When we married, he was not even a Christian. I was not Catholic. He was baptized about a year after our marriage, in a non-denom Church. Over the next few years, he rarely attended church. Good dad, good person, but – what I’d call a non-practicing Christian. About this time, we separated. During the separation, we remained friends, and he began attending a non-denom congregation with a friend from work. Had a very emotional experience and began speaking in tongues, etc. We reconciled, and I began seriously investigating the Catholic Church. He fell away from the non-denom church again, was neutral about my conversion process. When I went through RCIA, and our son was baptized, he was supportive but not involved. He would attend Mass a couple of times each year, when weather was bad he would drive us to Mass and pick us up after.
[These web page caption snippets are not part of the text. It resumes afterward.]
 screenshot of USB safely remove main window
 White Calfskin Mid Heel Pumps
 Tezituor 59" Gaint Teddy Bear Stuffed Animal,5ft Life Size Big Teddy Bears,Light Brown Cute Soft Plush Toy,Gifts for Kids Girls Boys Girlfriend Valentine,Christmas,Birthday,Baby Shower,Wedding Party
Every Mass for years and years, both my son and I prayed for his dad’s conversion. Each fall, I’d ask if he was interested in RCIA, he’d say a polite no, and I’d not bring it up again that year. Each Mass, I’d pray.

In the late summer of 2002, my husband moved out abruptly. We stayed in touch, my son and I kept praying. In December of that same year, he came back in tears. He shared that had been so depressed and in a box of items he’d brought from home, he came across a scapular. He said that he prayed the most earnest prayer of his life, and began to wear that scapular, not knowing what it was, just that it was a religious item. He found a doctor to treat his depression, and within a few weeks – came and asked if he could please come home. He began attending Mass every week, went to a few RCIA classes that spring, then officially enrolled in RCIA in the fall last year. This year, my son was able to serve as Altar Server at the Easter Vigil when his dad received Confirmation and First Communion!

The last Mass before Easter, when in the prayers Father paused for our private intentions, the tears ran down my face. For years, that was my time to pray for my husband’s conversion. What would I pray for now? They were tears of joy.

It may take years, but as Padre Pio said, Pray, Hope and Don’t Worry. I’d add, love.

Kage
Oh wow!! What a beautiful story! Thanks for the encouragement!!